Business owners are extremely well-positioned to make a dent through proper tax planning more than any other population.
On the personal side, you should consider these basic year-end moves:
1) Double-check your withholding (assuming you are taking a W-2 payment from your business).
2) Evaluate your charitable giving and look for smart ways to make an impact on your own taxes, as well as your gift recipients.
3) Make sure you understand mortgage deduction rules for YOUR mortgage because there are new limitations this year on how large of a mortgage you can use to write off debt payments.
4) Catch up on retirement contributions.
5) Give tax-free gifts ($15K and under to family and friends — like your friendly accountant, for one), as well as ensuring you use any Flexible Spending Account (FSA) funds set aside through your business.
But there is one year-end move that I believe you should strongly consider.
Here’s what I mean.
Raise Your Prices
“You are a product of your environment. So choose the environment that will best develop you toward your objective. Analyze your life in terms of its environment. Are the things around you helping you toward success – or are they holding you back?” – W. Clement Stone
I take a look around the small business world sometimes, and I get a little sad.
Because it’s heartbreaking to watch so many small businesses go out of business or not bring home enough bacon simply because they get trapped into thinking about their pricing in the wrong way.
When you differentiate yourself based on price, you simply cannot provide value. You end up competing on the wrong playing field.
Sure — while price competitors have been in operation since the beginning of time, it’s important to understand that if YOU want to build a sustainable, scalable and one day SALE-able business, a core foundational piece of that puzzle is that you must be charging enough for your services.

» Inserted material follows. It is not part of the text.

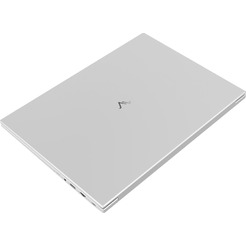Ноутбук Maibenben Medio M16B M16B-R574UM0F14HS3E10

You see, most business people under-price their products and services. It’s my experience that price either isn’t or doesn’t have to be a very important factor in a consumer’s decision or the success of a business.
We should all seek to be positioned at the higher end of a price scale and have our competitors focused on selling from the perspective of being “cheaper” instead of being better.

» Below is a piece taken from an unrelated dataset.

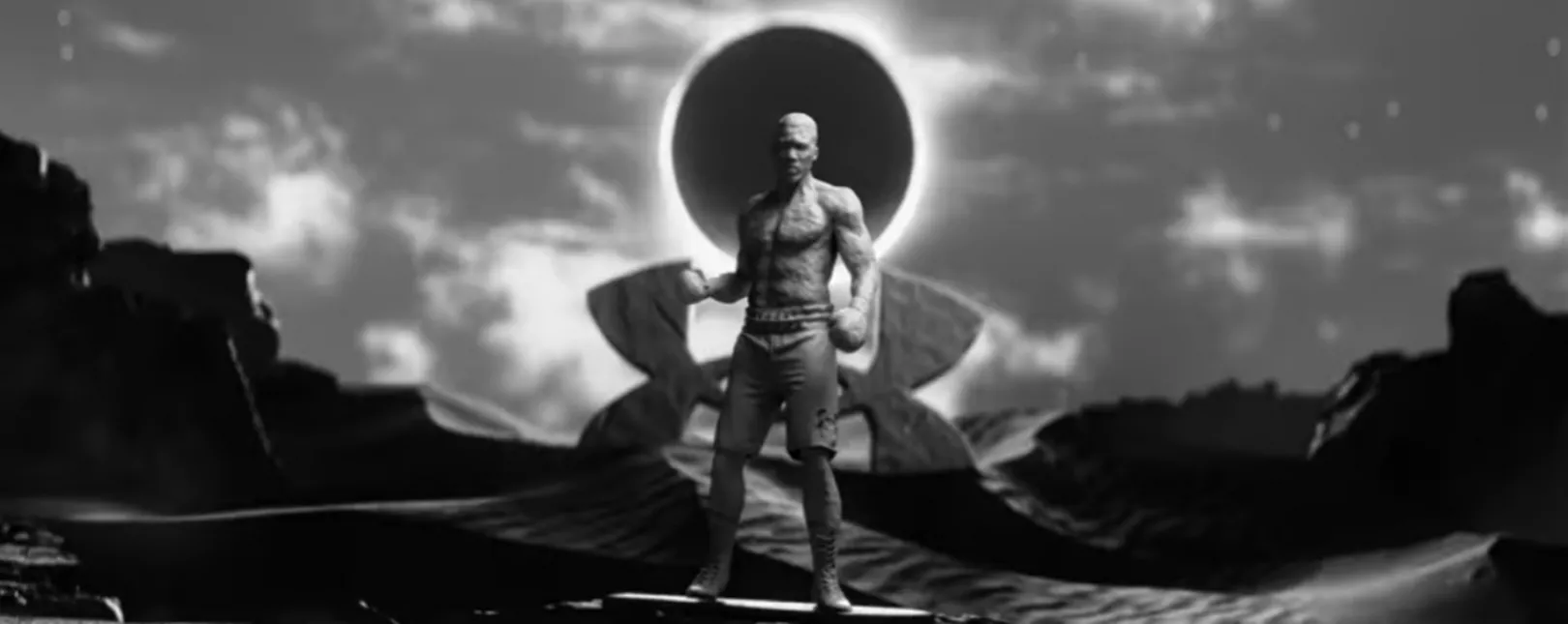 hero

I know of a chiropractor that is surrounded in his area by other doctors who charge $35 to $55 less per typical treatment. Yet his practice is bigger and more successful than three of his close competitors added together.
In my experience that’s not an exception — that’s a rule of business. Almost every time I’m asked by a client or friend to look at a business with an eye to help, one of the very first things I encourage is to raise prices or fees. Sometimes the adjustment is pretty dramatic.
Price is the laziest and riskiest advantage to market with. Buying business with lower prices is relatively easy … but keeping business obtained purely because of price becomes much more difficult. So, one way that you can immediately increase profits in 2020 is by increasing your prices.
You might say, “Okay, Janet, just how do I go about doing that?”
Well, the first (and easiest) answer is to simply do it. If you have a good relationship with your customers or clients, I guarantee you’ll be happily surprised by what happens. It won’t be the disaster you feared it would be.
Another smart strategy is to re-package what you currently provide, into “bundles” or packages, and watch your average transaction value during 2020 soar.
Lastly, much of this comes down to how you position your business. Are you drawing “price shoppers” with your marketing? Or, do you emphasize relationship and value — which are *not* tied to price? When you put structures into place that ensure a strong, personal connection to you or your staff, you will find that your customer list can weather an increase.
The beginning of a new year — yea, a new DECADE — might just be the perfect time to do this. Try it out, and let me know what happens.
I’m grateful for our chance to serve you through this blog — and we are dedicated to its success, in every measure.